PROBLEM STATEMENT
Exercise in exact copying: restate word for word only the lines below from the one containing "Tabela Cores Ceramica Ex-3 Noritake" through the one containing "Quân đội Ukraine", omitting any pictures.

SOURCE RECORDS
•••••
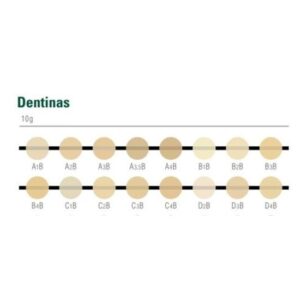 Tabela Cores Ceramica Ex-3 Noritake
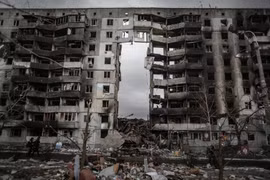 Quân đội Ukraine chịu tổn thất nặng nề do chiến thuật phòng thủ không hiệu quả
•••••
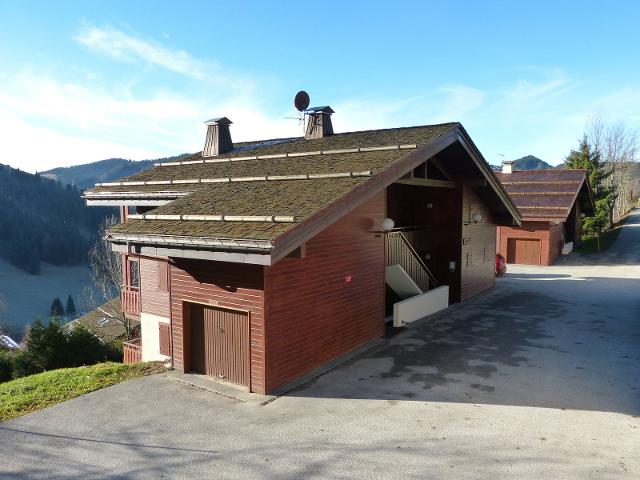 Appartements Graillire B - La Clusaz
•••••
RESPONSE TO THIS TASK
 Tabela Cores Ceramica Ex-3 Noritake
 Quân đội Ukraine chịu tổn thất nặng nề do chiến thuật phòng thủ không hiệu quả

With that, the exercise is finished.